Propagation Pathway: After aggregation in the gut, proteins gradually spread to the DMV and NTS and further expanded to areas such as the locus coeruleus (LC), hippocampus (HC), and substantia nigra within 2 months. Double-gene knock-in mice displayed more extensive spread and more severe neuronal loss, indicating a-syn and Tau coexistence might enhance their propagation capability.
Neuronal Loss and Functional Impairment: During propagation, mouse brain regions such as the substantia nigra, anterior cingulate cortex, and locus coeruleus showed significant neuronal density reduction, consistent with PD pathology. Moreover, the aggregation of a-syn and Tau led to behavioral abnormalities in transgenic mice, including decline in motor function, spatial memory loss, and anxiety-like behavior, symptoms closely related to PD and AD in humans.
PET Imaging Detection: The a-syn accumulation in mice was visualized using the [^18F]-F0502B tracer. This tracer showed high signals in PET-CT imaging of the gut and brain, validating its potential as an early detection tool.
Validation of Vagus Nerve Role: Vagus nerve severing surgery reduced protein spread and accumulation in the brain, while also decreasing neuronal loss, confirming the vital role of the vagus nerve in the protein propagation pathway.
Research Conclusion
The gastrointestinal-induced transgenic mouse model constructed in this study truly replicated the pathological process of a-syn and Tau spreading from gut to brain, revealing the synergistic effects of both on neuronal damage and behavioral abnormalities. Key findings include that a-syn and Tau proteins can co-aggregate in the gastrointestinal tract and propagate via the vagus nerve to the brain, leading to extensive neuronal loss and behavioral impairments. This discovery not only deepens the understanding of the pathological mechanisms of PD and AD but also provides new perspectives for early clinical diagnosis and intervention.

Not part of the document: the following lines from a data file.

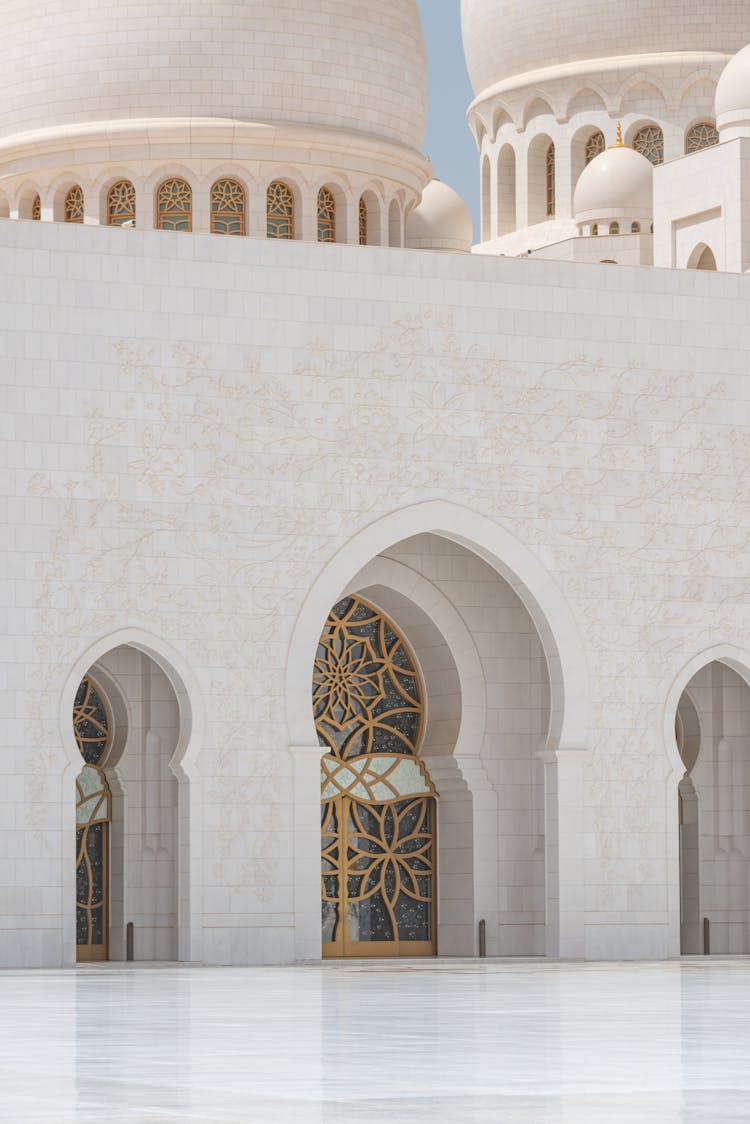 White Traditional Palace Building On Square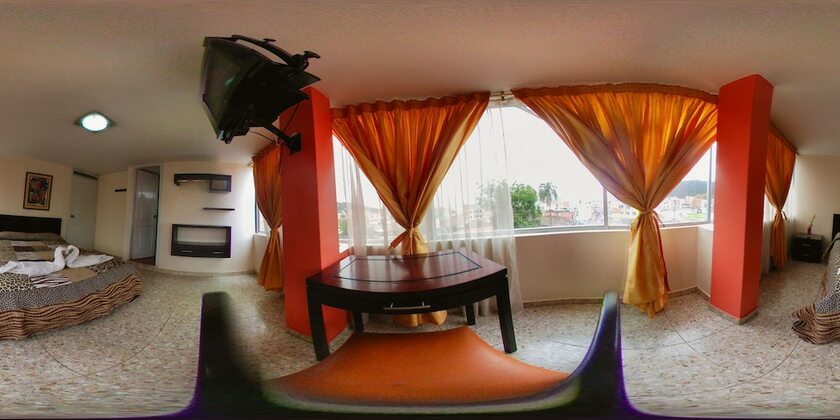 Imagen de la habitación del Hotel Hostal La Rosa Otavalo. Foto 12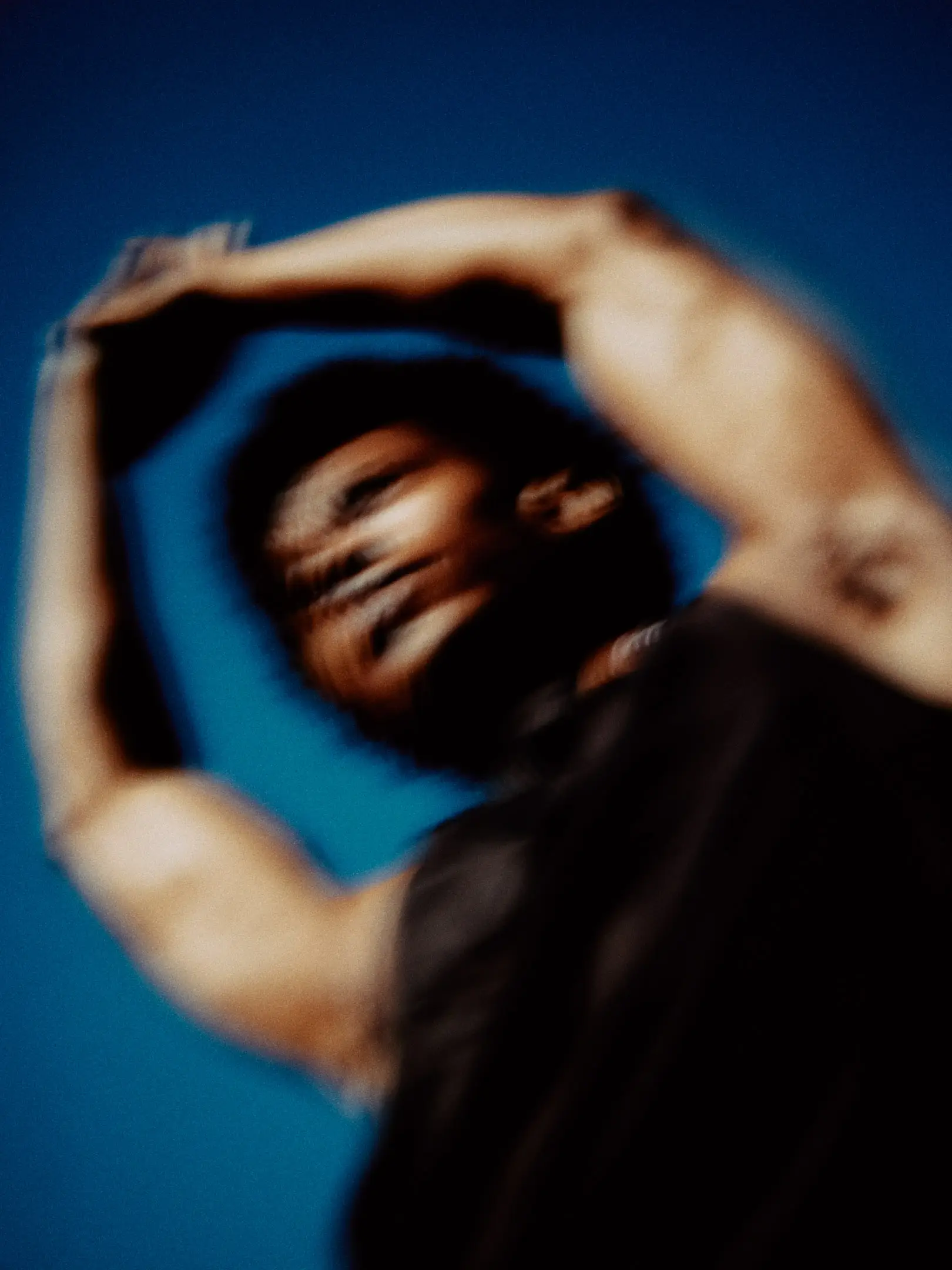 Ivory Williams, model repped by Agency Az, stretching and wearing black Nike athletic clothing, Shot for a personal project focused on athletics in Phoenix, AZ in 2023.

Research Significance and Value
The significance of this study lies in its innovative modeling approach and in-depth exploration of protein spread from the gastrointestinal tract to the brain. Through the transgenic mouse model, the research exhibited the possible early pathological processes of PD and AD, reinforcing the potential role of the gastrointestinal tract in the onset of neurodegenerative diseases. Additionally, using [^18F]-F0502B as a PET tracer for imaging detection of protein aggregation in the gut and brain demonstrated potential practical applications, providing a new direction for the future diagnosis of Parkinson’s and Alzheimer’s diseases.
Research Highlights
- Innovative Model: The gut-induced a-syn and Tau transgenic mouse model based on the Tet-On system for the first time replicated the protein propagation pathway from the gastrointestinal tract to the brain, providing a reliable tool for subsequent research.
- Advancements in Imaging Technology: The developed [^18F]-F0502B PET tracer allows in vivo detection of a-syn aggregation, offering potential means for early screening of Parkinson’s disease.
- Importance of the Vagus Nerve: Experiments validated the crucial role of the vagus nerve in the protein propagation process, providing a theoretical basis for targeted therapy approaches aimed at the vagus nerve.
Future Outlook
Future studies should continue to explore the mechanisms of propagation from the gastrointestinal tract to the brain, particularly other possible pathways. Moreover, improving PET imaging technology to enhance spatial resolution will help better illustrate the pathological distribution in specific brain regions.